Why is there something rather than nothing?

Why do we exist?

Why this particular set of (physical) laws and not some other?

Before however the authors come to answer these points in the last chapter on page 171 of their book the reader gets a flash course in old, modern and most recent physics, somewhat short for the layman to grasp but a good repetition for persons interested in the topic who have read this before. Luckily once in a while the authors like to be funny, e.g., when they explain symmetry that a flipped donut looks exactly the same, unless it has a chocolate topping, in which case it is better just to eat it or We have observed that the moon is not made of Roquefort cheese which is bad news for mice. These remarks have the advantage of keeping the reader alive.
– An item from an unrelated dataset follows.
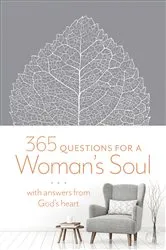 Book cover of 365 Questions for a Woman's Soul by Katherine J. Butler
Let us see how the authors tackle the answers to the questions posed above: Spontaneous creation of matter i.e. new worlds in fact can be explained in combining relativity theory and quantum mechanics within the space dimension of a Planck length. A Big Bang starting within the dimension of 10-35 meters can macroscopically nicely be  illustrated  with the appearance of micro bubbles in a boiling liquid where some of those will expand to form big vapor bubbles. Within this image time has an origin and the question of what was before time zero becomes meaningless. New universes are spontaneously created out of the energy of empty space due to quantum fluctuations. Only to say that Einstein disliked quantum mechanics as for him God doesn't throw dice.
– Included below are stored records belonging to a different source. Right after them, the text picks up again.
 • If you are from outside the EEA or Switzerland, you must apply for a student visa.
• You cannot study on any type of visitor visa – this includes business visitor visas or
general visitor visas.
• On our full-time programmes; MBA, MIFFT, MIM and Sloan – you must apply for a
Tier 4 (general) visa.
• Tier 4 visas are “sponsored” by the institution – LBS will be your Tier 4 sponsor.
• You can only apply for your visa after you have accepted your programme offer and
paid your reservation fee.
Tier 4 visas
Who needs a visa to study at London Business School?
The picture of micro bubbles in a boiling liquid can further be stretched: Only those micro bubbles, i.e., Big Bangs will expand into universes where the combination of physical constants and laws just fit each other. The world in which we live would not exist if constants like the gravitational constant, the speed of light, the electron radius etc. were not those they are. Varying the values of our known physical parameters just a few percent will lead to unstable universes, i.e., to worlds that cannot exist.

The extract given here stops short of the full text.